The government of the United States having, at all times, entertained a sincere desire for an adjustment of the differences, which have so long and so unhappily subsisted between the two countries, the President cannot but receive with pleasure assurances that his Britannick majesty is animated by the same disposition ; and that he is ready in conformity to this disposition to make atonement for the insult and aggression committed by one of his naval officers in the attack on the United States frigate the Chesapeake.
As it appears, at the same time, that in making this offer, his Britannick majesty derives a motive from the equality now existing in the relations of the United States with the two belligerent powers, the President owes it to the occasion and to himself to let it be understood, that this equality is a result incident to a state of things, growing out of distinct considerations.
With this explanation, as requisite as it is frank, I'am authorized to inform you, that the President accepts the note delivered by you, in the name and by the order of his Britannick majesty, and will considor the same with the engagement contained therein, when fulfilled, as a satisfaction for the insult and injury of which he has complained.
But I have it in express charge from the President to state, that while he forbears to insist on a farther punishment of the offending officer, he is not the less sensible of the justice and utility of such an example, nor the less persuaded that it would best comport with what is due from his Britannick majesty to his own honour. I have the honour, &c. &c.
R. SMITH., Hon. D. M. Erskine, &c. &c. &c. Washington.
Mr. Erskine to Mr. Smith. Washington, April 18, 1809.

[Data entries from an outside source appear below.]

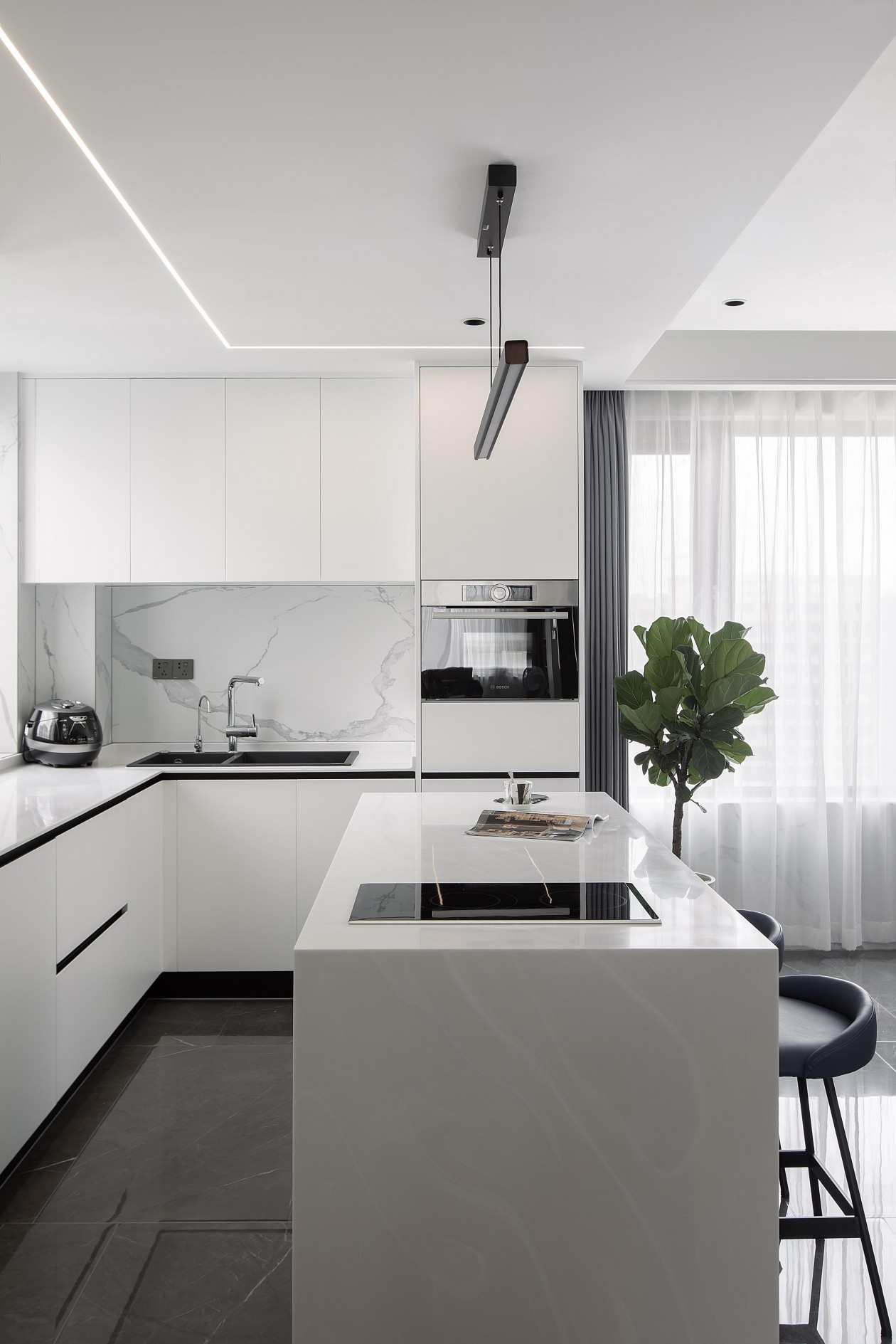 新湖海德公园现代简约家居设计，160㎡三室两厅的温馨空间-14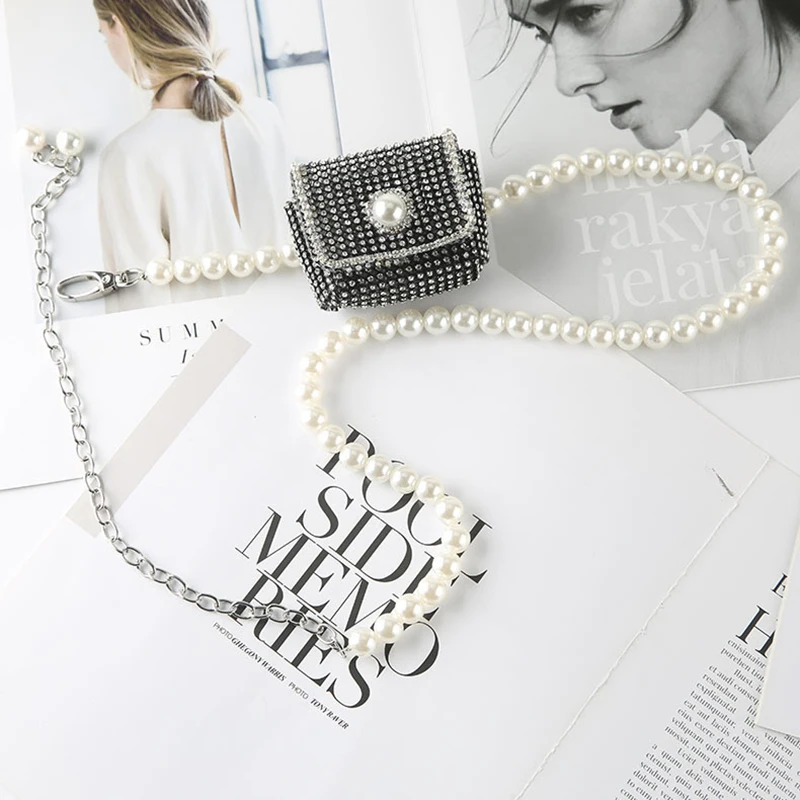 Diamond Mini Female Bag Clothing Decoration Belt Bags Designer Luxury Purses Flip Pearl Chain Women's Shoulder Crossbody Bags
Diamond Mini Female Bag Clothing Decoration Belt Bags Designer Luxury Purses Flip Pearl Chain Women's Shoulder Crossbody Bags
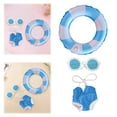 thumbnail image 6 of ​​LYINGF 17cm Doll Summer Swimwear Accessory Set - Beach-Themed Outfits with Miniature Details, Seasonal Wardrobe Collection for Doll Water Play Scenarios​​, 6 of 7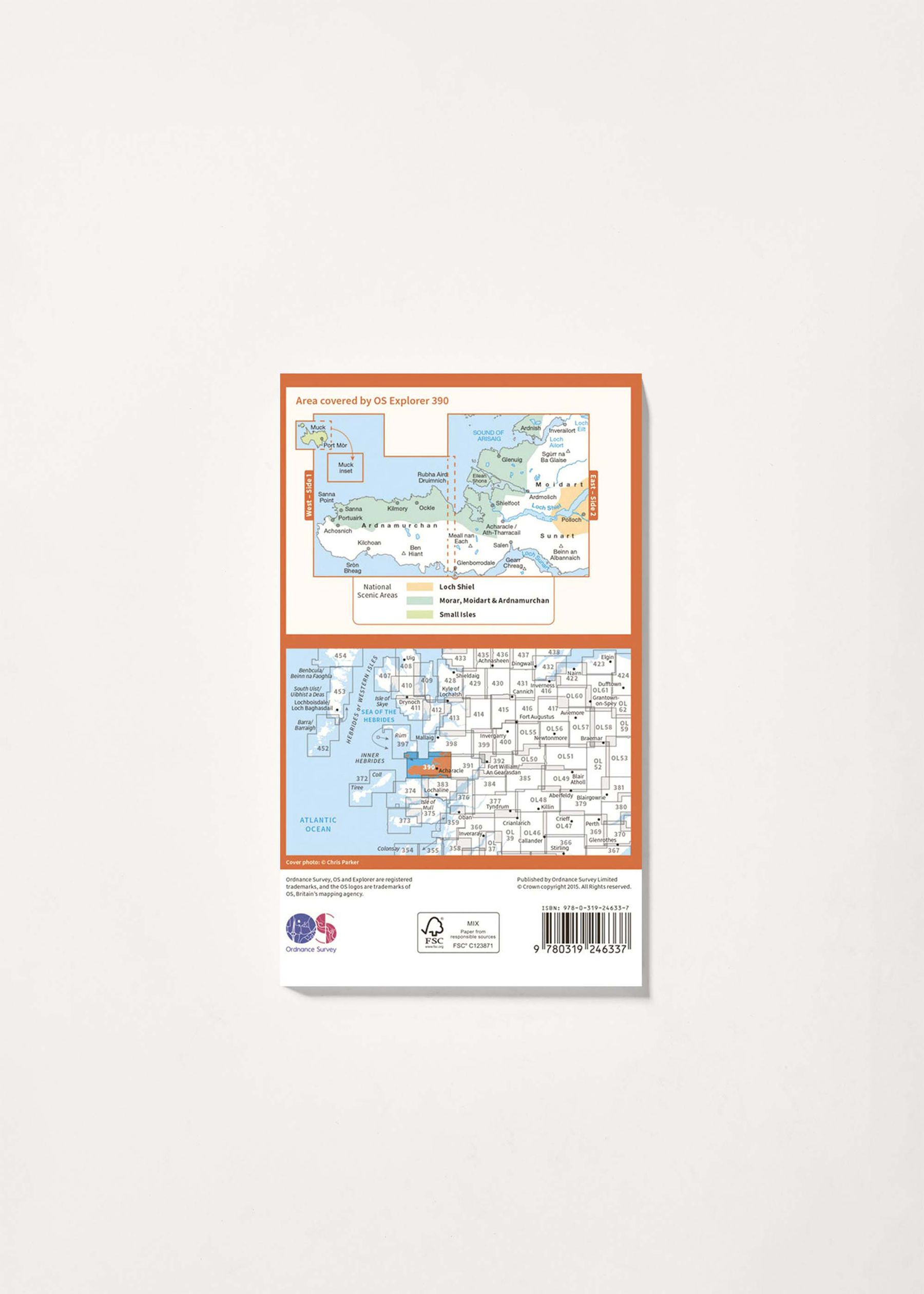 Image - 2 - Ardnamurchan, Moidart, Sunart & Loch Shiel - OS Explorer 390 Map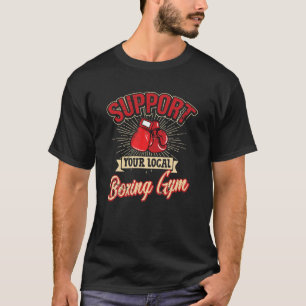 Camiseta Suportar Sparri do treinador Gym Ring Boxer Local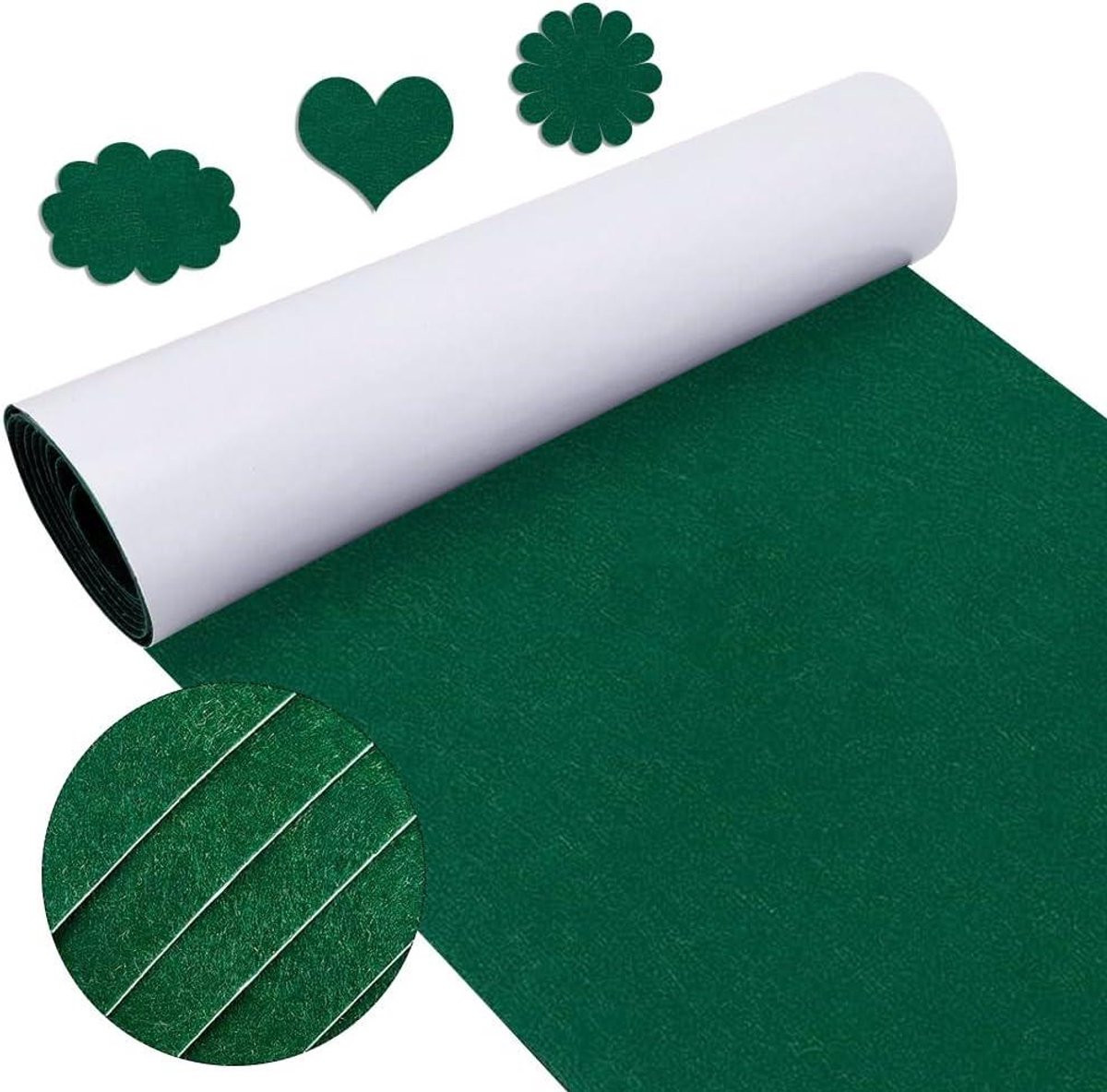 Viltrol Zelfklevend Vilt - Groen - 220 x 40 cm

Sir, I have the honour of informing you, that his majesty, having been persuaded that the honourable reparation which he had caused to be tendered for the unauthorized attaek upon the American frigate Chesapeake, would be accepted by the government of the United States in the same spirit of conciliation with which it was proposed, has instructed me to express his satisfaction, should such a happy termination of that affair take place, not only as having removed a painful cause of difference, but as affording a fair prospect of a complete and cordial understanding being re-established between the two countries.

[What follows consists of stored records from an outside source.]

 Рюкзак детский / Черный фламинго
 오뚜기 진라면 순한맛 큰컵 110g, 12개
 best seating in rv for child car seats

The favourable change in the relations of his majesty with the United States, which has been produced by the act (usually termed the non-intercourse act) passed in the last session of Congress, was also anticipated by his majesty, and has encouraged a further hope, that a reconsideration of the existing differences might lead to their satisfactory adjustment.
On these grounds and expectations, I am instructed to communicate to the American government, his majesty's determination of sending to the United States, an envoy extraordinary invested with full powers to conclude a treaty on all the points of the relations between the two countries.
In the mean time, with a view to contribute to the attainment of so desirable an object, his majesty would be willing to withdraw his orders in council of January and November, 1807, so far as respects the United States, in the persuasion that the President would issue a proclamation for the renewal of the intercourse with Great Britain, and that whatever difference of opinion should arise in the interpretation of the terms of such an agreement, will be removed in the proposed negotiation. I have the honour to be, &c.
D. M. ERSKINE. Hon. Robert Smith, &c. &c. &c.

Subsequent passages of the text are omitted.